All of these counters are useful for monitoring tools to detect
whether the machine is healthy. If the kernel has experienced a
lockup or a stall, it's probably due to a kernel bug, and I'd like to
detect that quickly and easily. There is currently no way to detect
that, other than parsing dmesg. Or observing indirect effects: such
as certain tasks not responding, but then I need to observe all tasks,
and it may take a while until these effects become visible/measurable.
I'd rather be able to detect the primary cause more quickly, possibly
before everything falls apart.
Max Kellermann (2):
kernel/watchdog: add /sys/kernel/{hard,soft}lockup_count
kernel/rcu/tree_stall: add /sys/kernel/rcu_stall_count
.../ABI/testing/sysfs-kernel-hardlockup_count | 7 +++
.../ABI/testing/sysfs-kernel-rcu_stall_count | 6 +++
.../ABI/testing/sysfs-kernel-softlockup_count | 7 +++
kernel/rcu/tree_stall.h | 26 +++++++++
kernel/watchdog.c | 53 +++++++++++++++++++
5 files changed, 99 insertions(+)
create mode 100644 Documentation/ABI/testing/sysfs-kernel-hardlockup_count
create mode 100644 Documentation/ABI/testing/sysfs-kernel-rcu_stall_count
create mode 100644 Documentation/ABI/testing/sysfs-kernel-softlockup_count
--
2.47.2
^ permalink raw reply [flat|nested] 6+ messages in thread
* [PATCH v2 1/2] kernel/watchdog: add /sys/kernel/{hard,soft}lockup_count
2025-05-04 18:08 [PATCH v2 0/2] sysfs: add counters for lockups and stalls Max Kellermann
@ 2025-05-04 18:08 ` Max Kellermann
2025-05-04 18:08 ` [PATCH v2 2/2] kernel/rcu/tree_stall: add /sys/kernel/rcu_stall_count Max Kellermann
1 sibling, 0 replies; 6+ messages in thread
From: Max Kellermann @ 2025-05-04 18:08 UTC (permalink / raw)

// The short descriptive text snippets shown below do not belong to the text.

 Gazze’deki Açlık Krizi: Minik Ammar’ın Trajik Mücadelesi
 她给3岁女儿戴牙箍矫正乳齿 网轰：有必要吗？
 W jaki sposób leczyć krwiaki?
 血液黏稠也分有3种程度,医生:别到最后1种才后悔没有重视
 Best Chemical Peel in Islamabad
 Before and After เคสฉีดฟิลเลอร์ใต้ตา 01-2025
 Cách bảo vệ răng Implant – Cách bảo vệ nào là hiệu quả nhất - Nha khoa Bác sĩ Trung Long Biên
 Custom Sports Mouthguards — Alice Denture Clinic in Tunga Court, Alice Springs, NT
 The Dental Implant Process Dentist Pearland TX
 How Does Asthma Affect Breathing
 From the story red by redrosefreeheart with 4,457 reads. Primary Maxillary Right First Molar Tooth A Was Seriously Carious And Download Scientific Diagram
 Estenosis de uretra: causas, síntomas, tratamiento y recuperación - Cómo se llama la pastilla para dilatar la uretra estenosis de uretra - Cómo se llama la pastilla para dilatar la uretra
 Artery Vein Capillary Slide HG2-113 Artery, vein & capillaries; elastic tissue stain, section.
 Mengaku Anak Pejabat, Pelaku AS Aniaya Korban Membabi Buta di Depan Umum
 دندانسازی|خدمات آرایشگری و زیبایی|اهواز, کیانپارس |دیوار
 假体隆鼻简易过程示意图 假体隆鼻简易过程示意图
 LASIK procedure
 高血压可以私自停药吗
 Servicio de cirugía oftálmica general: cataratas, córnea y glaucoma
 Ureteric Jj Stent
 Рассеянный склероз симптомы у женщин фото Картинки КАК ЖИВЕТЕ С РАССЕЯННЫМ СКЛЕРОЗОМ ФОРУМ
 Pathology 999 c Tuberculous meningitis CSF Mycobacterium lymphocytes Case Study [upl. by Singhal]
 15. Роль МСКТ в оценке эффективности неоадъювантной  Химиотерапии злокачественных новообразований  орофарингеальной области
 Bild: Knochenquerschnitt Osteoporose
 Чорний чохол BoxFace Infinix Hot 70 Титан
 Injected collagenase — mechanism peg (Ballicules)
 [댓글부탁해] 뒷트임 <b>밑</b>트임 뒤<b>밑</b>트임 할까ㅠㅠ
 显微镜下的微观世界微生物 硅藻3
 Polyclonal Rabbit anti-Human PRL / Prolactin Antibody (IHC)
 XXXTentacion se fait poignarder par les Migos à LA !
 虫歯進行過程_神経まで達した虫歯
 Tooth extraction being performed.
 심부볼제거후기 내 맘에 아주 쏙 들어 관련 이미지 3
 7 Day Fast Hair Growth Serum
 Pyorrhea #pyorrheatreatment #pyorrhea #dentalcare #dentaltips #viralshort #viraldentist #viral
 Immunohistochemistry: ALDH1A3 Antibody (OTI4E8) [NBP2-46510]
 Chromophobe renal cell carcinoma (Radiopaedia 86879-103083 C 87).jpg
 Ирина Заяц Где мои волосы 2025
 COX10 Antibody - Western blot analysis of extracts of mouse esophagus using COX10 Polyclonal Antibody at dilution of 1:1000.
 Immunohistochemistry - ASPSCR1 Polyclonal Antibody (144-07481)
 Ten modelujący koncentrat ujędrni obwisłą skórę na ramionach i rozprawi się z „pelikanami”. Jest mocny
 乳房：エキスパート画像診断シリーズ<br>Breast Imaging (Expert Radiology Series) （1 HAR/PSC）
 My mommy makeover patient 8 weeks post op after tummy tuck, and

To: akpm, song, joel.granados, dianders, cminyard, linux-kernel
Cc: Max Kellermann
There is /proc/sys/kernel/hung_task_detect_count,
/sys/kernel/warn_count and /sys/kernel/oops_count but there is no
userspace-accessible counter for hard/soft lockups. Having this is
useful for monitoring tools.
Signed-off-by: Max Kellermann <max.kellermann@ionos.com>
---
v1 -> v2: added documentation; added patch set cover letter with
justification
---
.../ABI/testing/sysfs-kernel-hardlockup_count | 7 +++
.../ABI/testing/sysfs-kernel-softlockup_count | 7 +++
kernel/watchdog.c | 53 +++++++++++++++++++
3 files changed, 67 insertions(+)
create mode 100644 Documentation/ABI/testing/sysfs-kernel-hardlockup_count
create mode 100644 Documentation/ABI/testing/sysfs-kernel-softlockup_count
diff --git a/Documentation/ABI/testing/sysfs-kernel-hardlockup_count b/Documentation/ABI/testing/sysfs-kernel-hardlockup_count
new file mode 100644
index 000000000000..dfdd4078b077
--- /dev/null
+++ b/Documentation/ABI/testing/sysfs-kernel-hardlockup_count
@@ -0,0 +1,7 @@
+What: /sys/kernel/hardlockup_count
+Date: May 2025
+KernelVersion: 6.16
+Contact: Linux kernel mailing list <linux-kernel@vger.kernel.org>
+Description:
+ Shows how many times the system has detected a hard lockup since last boot.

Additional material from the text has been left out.